How to Inspire Your Parents to Support Your Acting

    Want to inspire your parents that you’re making the right choice? A lot of people, including your parents, may look at your decision to become an actor as something that’s not valid. Not a real career. Maybe they see it as a fling of youthful dreams, or a phase that you’ll grow out of, but, are they right? Or do you see it as the absolute career of your life and somehow you’ve got to convince and inspire them it’s a real job?

    What you have to realize, is you’ll always be the little kid playing dress up to your parents. They want the best for you, so when you present this risky and uncertain future, you must tread carefully. Otherwise, they may see a vision of you as an eight year old, living on the streets of L.A.

    Before you jump into this career you need to decide if you’re ready for what it will cost you. Being able to have an intellectual and reasonable answer to this, will also help your parents support your decision and make it more likely that they’ll help you stay the course to reach your dream.

    So what can you say to inspire them to see what you’re choosing is valid?

    Art is the lie that enables us to realize the truth.” – Pablo Picasso

    The truth is, we need actors because they help us realize the truth.

    When I teach acting, I like to show a TED Talk clip of Patsy Rodenburg, called “Why I Do Theatre.” I highly recommend you watch it and even show it to your parents to back up why acting is a vital job. It may even inspire you to see how much more you can give to those around you.

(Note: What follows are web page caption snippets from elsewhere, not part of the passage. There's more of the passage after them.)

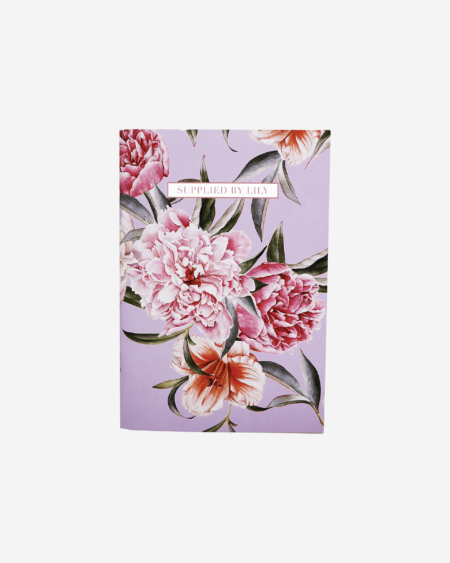 A5 Notebook in Luxurious Lilac Floral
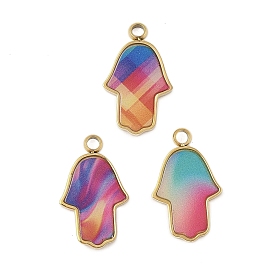 304 нержавеющей стальной эмали подвески, оберег на руку хамса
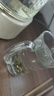 Ocean进口玻璃茶杯耐热泡茶杯带把家用待客水杯加厚大容量绿茶杯 能量把杯330ml+时尚把杯315ml 实拍图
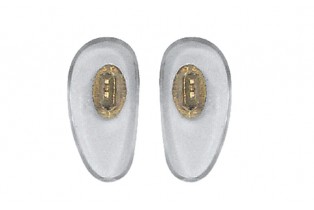 ΕΠΙΡΡΙΝΙΑ PVC ΠΡΕΣΑΡΙΣΤΑ/ΧΡΥΣΟ 17mm (10 ζεύγη)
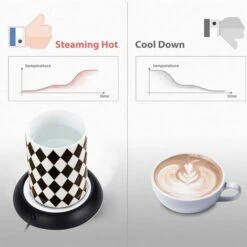 Thermostat USB Drink Cup Warmer (Black) 12.7122.5cm -Home Appliance Store 93514732 5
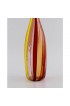 Home Decor | Murano Bottle / Vase in Mouth Blown Art Glass With Polychrome Striped Design, 1960s - ER52011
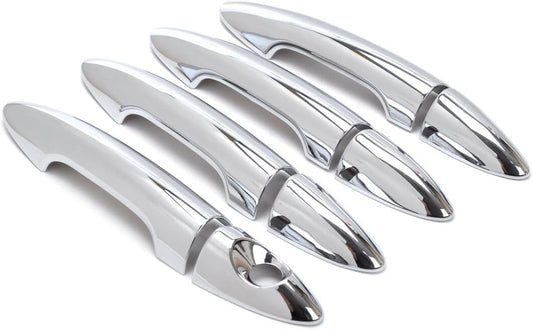 ya 2 8.15 Chrome Door Handle Protector Cover Trim Fits for Kia K2 Rio Sedan 2011 2012 2013 2014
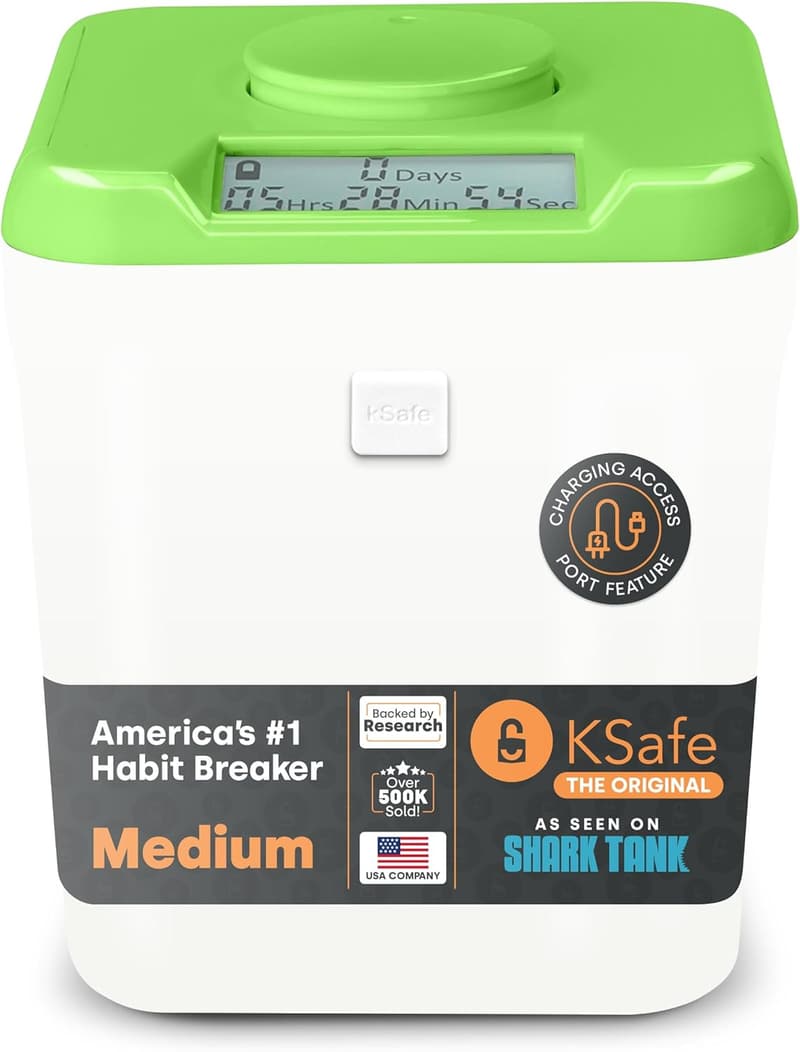 Timed Locking Container for Cell Phones and Snacks - Medium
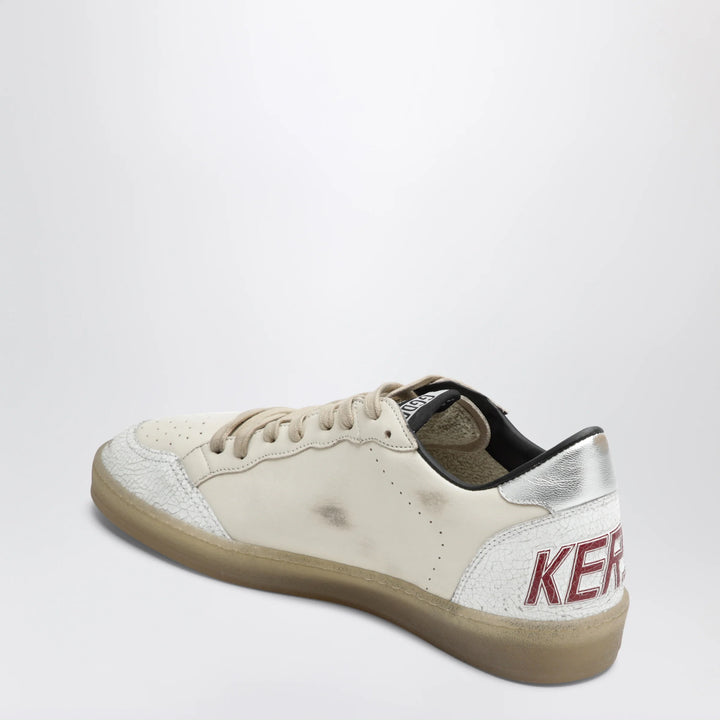 Golden Goose - Ball Star sneakers in butter beige/white/red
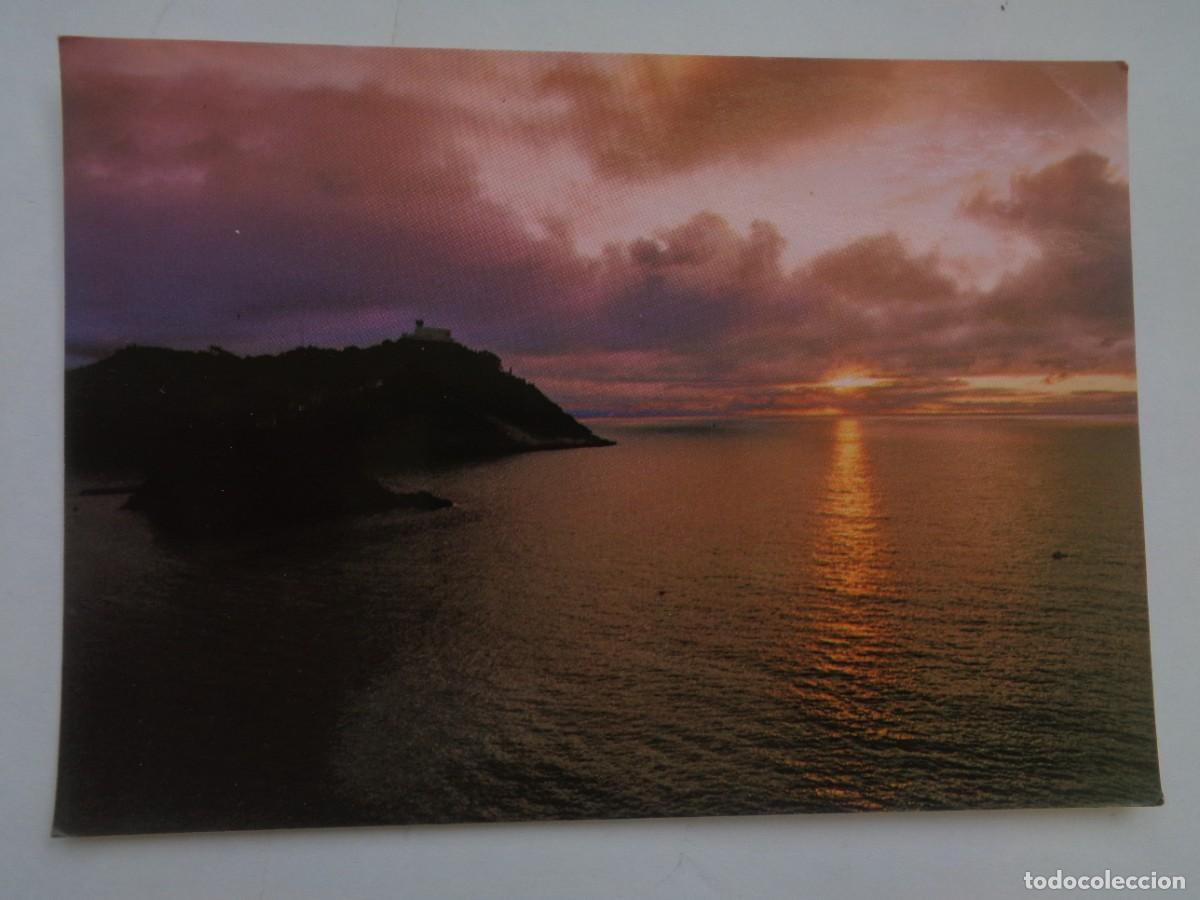 Postcards: POSTAL DE SAN SEBASTIAN : PUESTA DE SOL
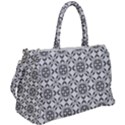 Black And White Patterned Backgroun Duffel Travel Bag View2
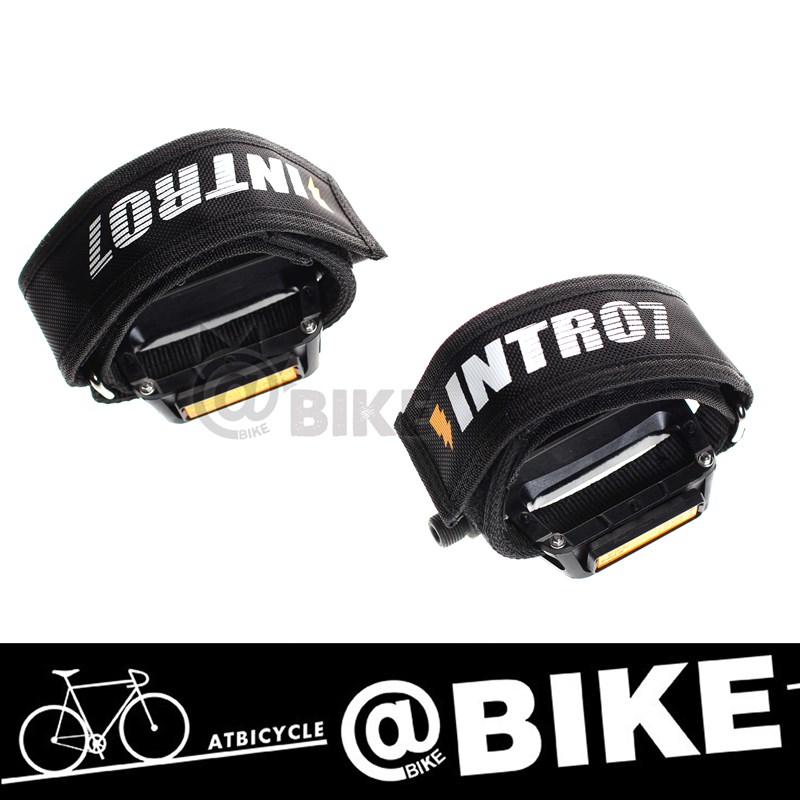 Intro7绑带踏板死苍蝇赛车动作踏I板自行车绑带脚套狗嘴脚套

    In the video, Patsy tells a story about a man who approached her. The man said he didn’t like theatre. Patsy encouraged him to explain why. He explained his experience of one of the actress’ (after finding out her young son has been killed) made a sound that he termed “embarrassing”.

    He went on to say, that a year later, his own daughter was murdered and how upon learning this news found himself making that same agonised sound the actress had made the year before.

    The man finished sharing with Patsy, by saying, “You know, she told me the truth, but I hadn’t grown up enough to know it.”

    I get goosebumps every time I hear this story, because that actress opened something within that man; she gave him permission to grieve. She helped him realize the truth in his own life, so he would know how to act when tragedy struck.

    If you’re pursuing acting because you’re after the fame, then read this section again. The true artist/actor, is someone who desires to tell the truth in order to inspire the viewer.

    If this is something you want to do, then great! Add this to your answer when you tell your parents.

    What parent wouldn’t want their kid to help make such an impact on someone’s life?

    You use a glass mirror to see your face; you use works of art to see your soul.” – George Bernard Shaw

    A few years ago, my cat passed away. She’d been a part of my life for almost twenty years. She had seen me through those formative years and had been a steadfast companion through all the ups and downs of high school. If you’re not a cat fan, take comfort in knowing she acted more like a dog than a cat. (All the best cats are dogs in feline form)

    Anyway, I was finding it very difficult to process her loss. Even though she’d been such a huge part of my life, it felt a bit silly to cry for a cat.

    That’s when I watched We Bought A Zoo.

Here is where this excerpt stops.